With the code above in index.ts, the command would vary according to need. For example, to get the list of dapil for DPRD Province, the command would be bun run index.ts dprd-provinsi get-list-dapil.

Similarly, to get the list of DPR RI candidates, the command would be bun run index.ts dpr-ri get-list-calon.

Batch Fetching

Remember, we had to perform 250,000 fetches. There are several options for doing this:

  1. Default: For each fetch, we wait (await) for one fetch to complete before doing the next one. In other words, we can only perform one fetch at a time, making this very slow. Assuming each fetch takes 2 seconds, multiplying by 250,000 would require 500,000 seconds, or 5.79 days. That’s a very long time. And this is just the fetching process, not including data processing.
  2. Parallel: Fetches are performed simultaneously. Imagine firing off 250,000 fetches to a single server at once—what would happen? Right, the server would crash.
  3. Batching: A middle ground between one-at-a-time fetch and all-at-once fetch. Here, we divide the fetches into batches, say 100 fetches per batch. After one batch finishes, we move to the next one. This method is more server-friendly.

The third method was used. Luckily, Mas @gadingnstn had created a library called Concurrent Manager, which handles batch concurrent promises, so I didn’t have to write a batching script from scratch.

import ConcurrentManager from 'concurrent-manager';

const concurrent = new ConcurrentManager({
  concurrent: 10,
  withMillis: true,
});

for (const calon of list) {
  concurrent.queue(() => {
    return doSomethingPromiseRequest();
  });
}

concurrent.run();

Anti-Bot

After solving the problems on our side, there was another issue with the server. When we performed 50 fetches at once, the server would automatically block the IP for a certain period.

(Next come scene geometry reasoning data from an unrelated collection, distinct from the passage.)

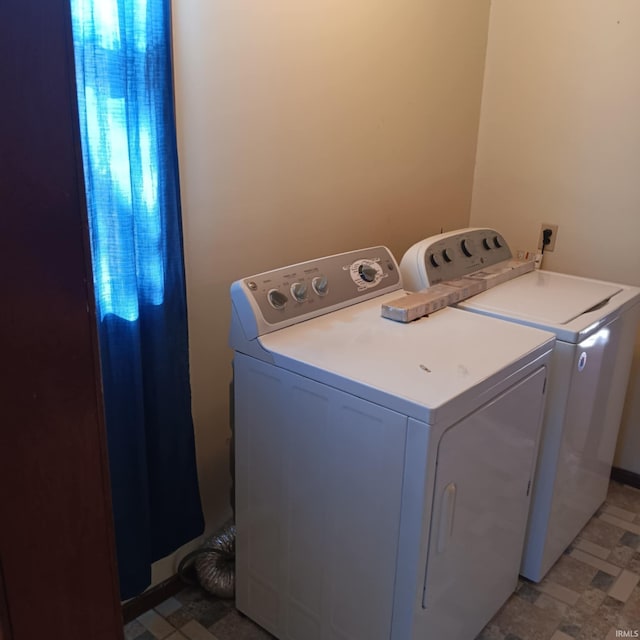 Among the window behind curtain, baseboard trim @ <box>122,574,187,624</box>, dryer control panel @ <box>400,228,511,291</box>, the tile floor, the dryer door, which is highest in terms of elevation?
the window behind curtain

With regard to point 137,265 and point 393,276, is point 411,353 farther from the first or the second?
point 137,265

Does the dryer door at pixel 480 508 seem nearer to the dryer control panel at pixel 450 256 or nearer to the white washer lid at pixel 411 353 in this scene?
the white washer lid at pixel 411 353

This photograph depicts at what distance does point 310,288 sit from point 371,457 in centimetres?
53

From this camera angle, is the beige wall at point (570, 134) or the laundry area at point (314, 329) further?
the beige wall at point (570, 134)

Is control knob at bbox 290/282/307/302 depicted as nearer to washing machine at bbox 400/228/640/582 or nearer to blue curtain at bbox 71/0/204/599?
blue curtain at bbox 71/0/204/599

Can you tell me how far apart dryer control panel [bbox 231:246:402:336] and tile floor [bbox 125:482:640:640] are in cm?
90

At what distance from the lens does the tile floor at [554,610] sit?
1830 millimetres

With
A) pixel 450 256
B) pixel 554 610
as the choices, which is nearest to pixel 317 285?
pixel 450 256

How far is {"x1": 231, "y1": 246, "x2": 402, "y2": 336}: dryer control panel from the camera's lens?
1.58 m

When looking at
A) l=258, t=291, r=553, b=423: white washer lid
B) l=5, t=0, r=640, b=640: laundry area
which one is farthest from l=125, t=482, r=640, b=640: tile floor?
l=258, t=291, r=553, b=423: white washer lid

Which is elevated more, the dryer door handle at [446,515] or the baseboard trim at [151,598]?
the dryer door handle at [446,515]

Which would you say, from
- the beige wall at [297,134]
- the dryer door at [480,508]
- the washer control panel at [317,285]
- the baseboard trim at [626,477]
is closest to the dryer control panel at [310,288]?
the washer control panel at [317,285]

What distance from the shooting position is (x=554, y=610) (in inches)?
76.0

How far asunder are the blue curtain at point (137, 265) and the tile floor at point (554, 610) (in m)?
0.21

To resolve this, I did two things:

1. Delaying Between Fetches

Initially, 1000 fetches were fired off at once. However, the response was a 403 error because the server blocked the IP. Reducing the number to 50 fetches and adding a few seconds of delay between each fetch solved the problem.

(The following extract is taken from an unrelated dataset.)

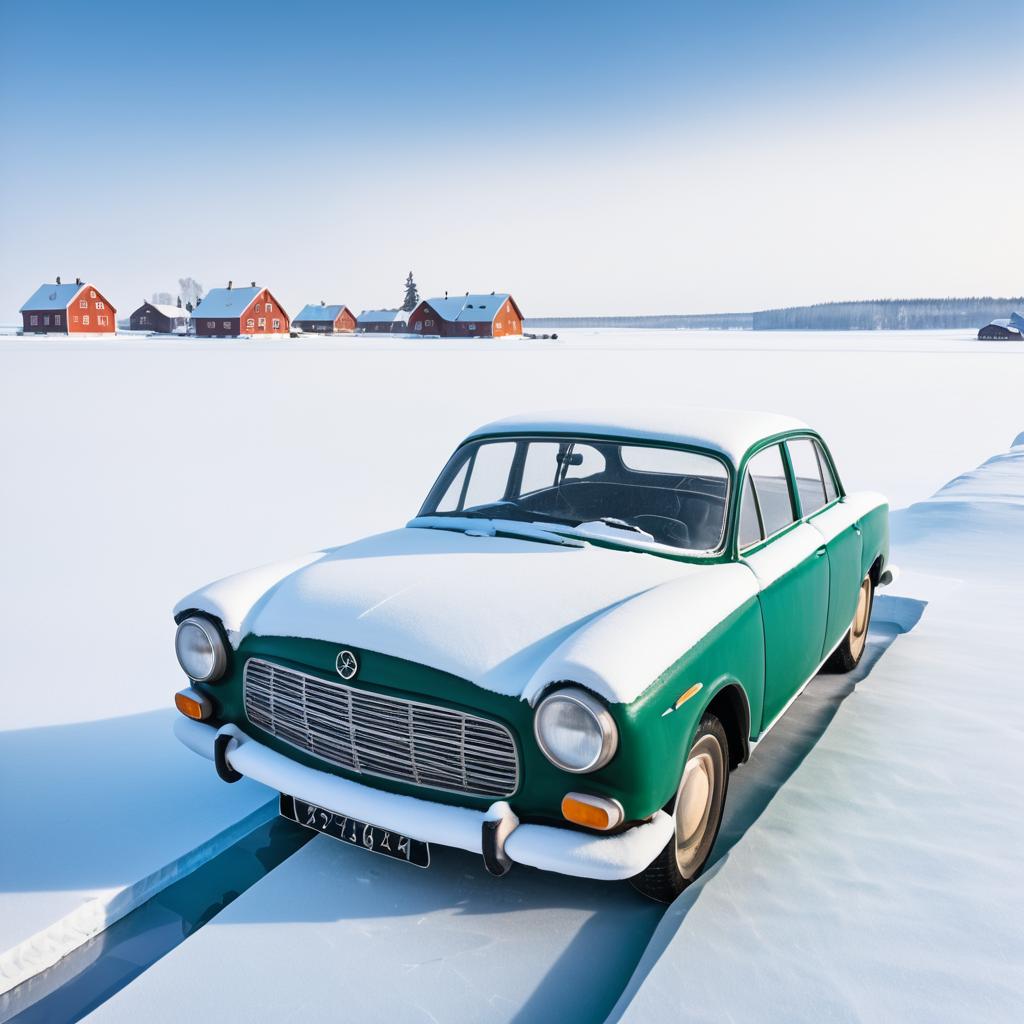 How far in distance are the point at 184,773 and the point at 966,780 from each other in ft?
11.0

export const sleep = (ms: number) =>
  new Promise((resolve) => setTimeout(resolve, ms));

export const sleepRandom = async (min: number, max: number) => {
  const delay = Math.floor(Math.random() * max) + min;
  await sleep(delay);
};

export const customFetch = async (url: string, options?: RequestInit) => {
  await sleepRandom(1_500, 3_000);
  const res = await fetch(url, { ...options });
  return res;
};

2. Using Cloudflare Worker

Even though I solved the blocking issue by reducing concurrent fetches to 50 with delays, this made the process slower. After trying different approaches, I realized the rate-limiting was based on IP. So, I used Cloudflare Workers to distribute fetches across different IPs.

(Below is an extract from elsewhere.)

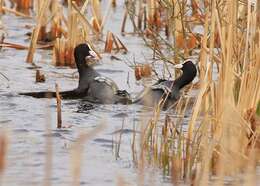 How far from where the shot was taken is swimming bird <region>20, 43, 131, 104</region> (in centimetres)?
962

The simplified setup became:

  • Before: User -> KPU Server
  • After: User -> Cloudflare Worker -> KPU Server

Cloudflare Workers made the request using their own IPs, so my IP was not blocked.

Here’s the basic code for the worker:

var src_default = {
  async fetch(request, env, ctx) {
    console.log("Incoming Request:", request);
    const targetURL = "https://infopemilu.kpu.go.id/Pemilu/Dct_dprprov/profile";
    const response = await fetch(targetURL, request);
    console.log("Response from Target:", response);
    return response;
  },
};

export {
  src_default as default,
};

To speed up data scraping, I created 3 Cloudflare Workers. The final setup looked like this:

  • User -> KPU Server
  • User -> Cloudflare Worker 1 -> KPU Server
  • User -> Cloudflare Worker 2 -> KPU Server
  • User -> Cloudflare Worker 3 -> KPU Server

Conclusion

This data scraping project became a valuable learning experience. Even though it started as a simple experiment, it revealed challenges and solutions for dealing with large-scale data scraping. By addressing issues like large data, batch fetching, anti-bot measures, and database management, I gained useful insights into web scraping techniques and problem-solving strategies.